B cell development and immunoglobulin production are altered in the absence of IκBNS (109.4)

Abstract

Abstract NF-κB transcription factors are key mediators of immune function as well as inflammatory responses. The activation of NF-κB is regulated by several IκB proteins, a family comprising classical cytoplasmic as well as nuclear IκBs. In this study, we focused on the role of IκBNS, a nuclear IκB protein, in B lymphocyte development and function. Analysis of lymphoid tissues from IκBNS knockout (KO) mice revealed that a lack of IκBNS affects the development of peritoneal B-1 cells and splenic marginal zone B cells. Development of B-2 cells was essentially normal.
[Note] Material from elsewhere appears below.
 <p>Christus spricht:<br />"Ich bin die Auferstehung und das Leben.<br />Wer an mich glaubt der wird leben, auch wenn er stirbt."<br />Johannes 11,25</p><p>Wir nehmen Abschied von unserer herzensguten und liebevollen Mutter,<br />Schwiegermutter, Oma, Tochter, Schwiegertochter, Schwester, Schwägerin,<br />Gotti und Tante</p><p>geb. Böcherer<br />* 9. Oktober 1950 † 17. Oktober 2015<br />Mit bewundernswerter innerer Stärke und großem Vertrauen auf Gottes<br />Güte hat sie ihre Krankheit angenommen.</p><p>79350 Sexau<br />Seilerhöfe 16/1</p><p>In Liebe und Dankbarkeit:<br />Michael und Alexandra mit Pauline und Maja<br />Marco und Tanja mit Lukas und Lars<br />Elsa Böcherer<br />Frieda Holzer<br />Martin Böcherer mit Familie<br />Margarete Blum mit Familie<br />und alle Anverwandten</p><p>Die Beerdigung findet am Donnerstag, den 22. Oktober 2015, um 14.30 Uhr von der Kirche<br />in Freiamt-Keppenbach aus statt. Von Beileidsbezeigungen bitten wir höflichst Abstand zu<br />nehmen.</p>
We also found that B cell proliferative activity and immunoglobulin production were altered in the absence of IκBNS. These defects were confirmed by the analysis of B cells in bone marrow chimeric mice constructed by the transfer of wild type or IκBNS KO bone marrow cells into B cell-deficient mice. Furthermore, histological analysis of spleens from chimeric mice revealed that re-constitution of B cell areas, marginal zones and germinal centers were markedly reduced in IκBNS KO cell recipient mice. Examination of the functions of IκBNS KO B cell subsets suggested that IκBNS is important for antibody production by both marginal zone and follicular B cells. These results indicate that IκBNS plays a key role in peripheral B cell development and function.